THE GUN SHOW The show is paced with a rhythm that keeps you open to receiving information and ready to go one to the next dramatic encounter. Director Damon Bonetti shares prominently in the show’s success by creating a rich texture for the production and establishing a deft juxtaposition between the researched and the personal...The script stays on stage throughout THE GUN SHOW, and Bonetti puts it to use clever ways, to call attention to a situation or to create tension the way Alfred Hitchcock would use a McGuffin. (It dawns on me that Bonetti starred in The 39 Steps for Theatre Horizon and directed it for Hedgerow.)
BLOOD WEDDING The Philadelphia Artists' Collective could have set their Blood Wedding on a huge mound of dirt. Or in the bowels of the sea, or the boiling surf of a volcano. That's how rooted in the earth and nature Federico Garcia Lorca's 1932 play remains - so much so that even today, in this inventive production filled with song, dance, and poetry, it startles in its passion and violence...Blood Wedding also marks the first time the Philadelphia Artists' Collective is working inside an actual theater space. Damon Bonetti's production, however, eschews any sense of artifice or distance the Mandell Theater's proscenium might provide. The long, portico-threaded wall of Matt Campbell's set serves as church, vineyard, and mountainside, and by thrusting the audience onto a few rows of seats on the stage, it becomes intimate, seating us at the wedding reception, letting us eavesdrop on the gossipy neighbors.
THE 39 STEPS Director Bonetti has acted at Hedgerow in the past, but this is his first time directing there. He recently played the role of Hannay at Theatre Horizon in Norristown, so he brought a great deal of familiarity with the script and its challenges to this production. I know many of the gags were scripted, but one could clearly see Bonetti’s point of view in executing them; the staging is truly clever and well-timed.
TRUE STORY Though EM Lewis’s 80-minute thriller TRUE STORY pays homage to Raymond Chandler’s detective-story and film-noir tradition of the 1930s and ‘40s, the play offers a more current (cell-phone era) exploration of the genre, combining the twists and turns of a gripping murder mystery with the profound human issues of coping with loss, assuming responsibility, the nature of truth, and the desire for justice.

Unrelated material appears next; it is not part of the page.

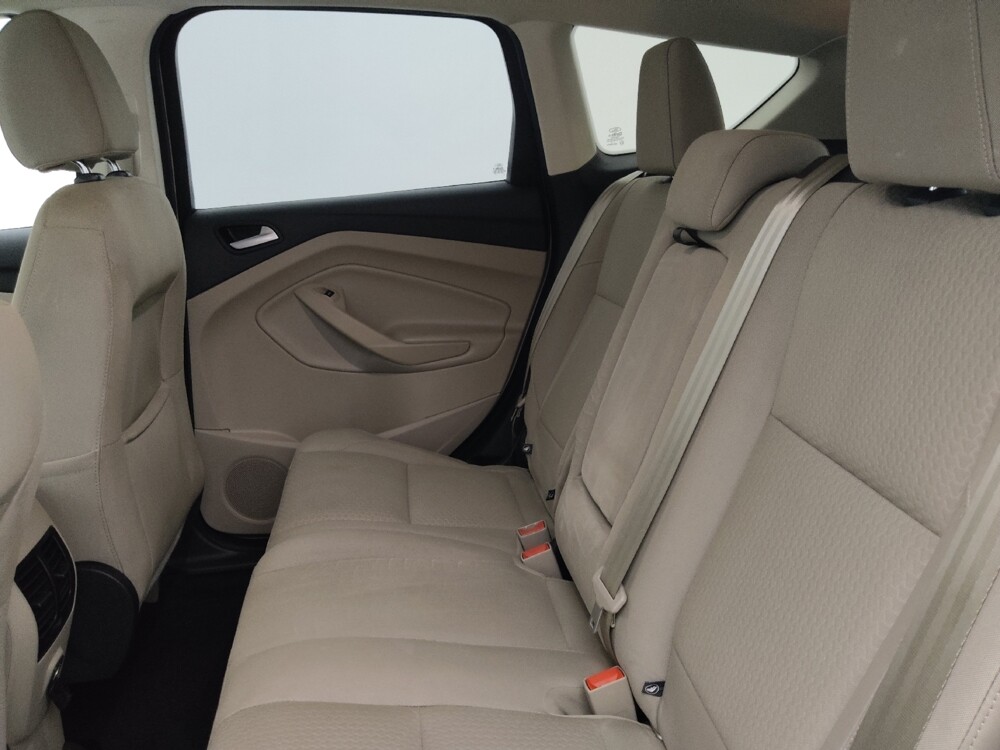 2017 Ford Escape in Lakeland, FL 33815 - 18109113 18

Passage Theatre Company’s world-premiere production, directed with wit and suspense by Damon Bonetti, succeeds in delivering all the surprises, humor, emotion, and psychology inherent in the script.
THE SEA PLAYS The two short plays, seamlessly performed in an hour in the deep wooden bowels of this historic and handsome sailing vessel, are immensely helped by the authenticity of the setting. And, with a cast of excellent actors (outstanding are David Blatt and Keith Conallen) under the inventive direction of Damon Bonetti, this is a theatre experience that is both moving and engrossing.
CHANGES OF HEART Changes of Heart, or, The Double Inconstancy is an eighteenth century French comedy by Pierre De Marivaux, translated and adapted by Stephen Wadsworth. Damon Bonetti, who directs this new production by the Philadelphia Artists' Collective, styles the play as a screwball comedy and watching this cast is like watching a master class in shtick...Although the original setting is the French court, and although there's a violet chaise longue and many gilt picture frames, you're likely to be reminded of bits and pieces of 1930s movies, with their over-the-top mugging, pratfalls, flirting with the audience and any kind of exaggerated stuff anybody can come up with.